THE TASK:
Only the lines that hold "Blue" should be in the answer, each copied from the data below.

[Crawled caption data]
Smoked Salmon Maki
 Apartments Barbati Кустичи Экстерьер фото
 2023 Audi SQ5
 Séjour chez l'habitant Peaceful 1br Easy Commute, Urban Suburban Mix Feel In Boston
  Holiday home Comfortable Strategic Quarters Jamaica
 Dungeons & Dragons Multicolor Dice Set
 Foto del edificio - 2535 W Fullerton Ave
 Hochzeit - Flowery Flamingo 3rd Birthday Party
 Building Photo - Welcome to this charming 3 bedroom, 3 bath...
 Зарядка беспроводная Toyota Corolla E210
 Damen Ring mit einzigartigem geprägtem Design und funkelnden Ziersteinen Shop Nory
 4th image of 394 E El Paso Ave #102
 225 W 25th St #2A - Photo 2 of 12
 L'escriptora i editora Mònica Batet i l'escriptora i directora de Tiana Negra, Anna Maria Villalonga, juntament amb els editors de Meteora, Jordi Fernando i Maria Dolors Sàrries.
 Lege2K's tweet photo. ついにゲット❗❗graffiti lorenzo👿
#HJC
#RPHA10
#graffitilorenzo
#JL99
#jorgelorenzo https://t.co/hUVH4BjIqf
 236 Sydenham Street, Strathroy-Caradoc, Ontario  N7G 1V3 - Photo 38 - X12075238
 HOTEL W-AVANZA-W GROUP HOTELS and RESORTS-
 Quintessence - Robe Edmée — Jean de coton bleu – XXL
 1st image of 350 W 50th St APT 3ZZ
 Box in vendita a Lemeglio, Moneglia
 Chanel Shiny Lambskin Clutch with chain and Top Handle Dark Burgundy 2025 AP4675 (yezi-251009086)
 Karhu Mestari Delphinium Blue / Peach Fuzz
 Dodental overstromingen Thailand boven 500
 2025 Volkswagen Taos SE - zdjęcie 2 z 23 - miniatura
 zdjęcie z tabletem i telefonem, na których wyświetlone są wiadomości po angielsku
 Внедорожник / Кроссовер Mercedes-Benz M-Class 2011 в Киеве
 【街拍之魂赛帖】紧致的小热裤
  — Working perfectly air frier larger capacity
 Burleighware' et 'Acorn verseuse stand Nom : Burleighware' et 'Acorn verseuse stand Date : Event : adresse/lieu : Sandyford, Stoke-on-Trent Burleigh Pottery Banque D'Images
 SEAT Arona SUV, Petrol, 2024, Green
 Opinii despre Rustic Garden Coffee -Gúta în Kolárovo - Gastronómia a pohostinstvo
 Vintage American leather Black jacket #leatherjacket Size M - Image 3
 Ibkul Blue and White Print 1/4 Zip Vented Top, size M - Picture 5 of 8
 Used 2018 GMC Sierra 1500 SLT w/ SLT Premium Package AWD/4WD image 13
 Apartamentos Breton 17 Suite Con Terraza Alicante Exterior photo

RESPONSE AREA:
 Karhu Mestari Delphinium Blue / Peach Fuzz
 Ibkul Blue and White Print 1/4 Zip Vented Top, size M - Picture 5 of 8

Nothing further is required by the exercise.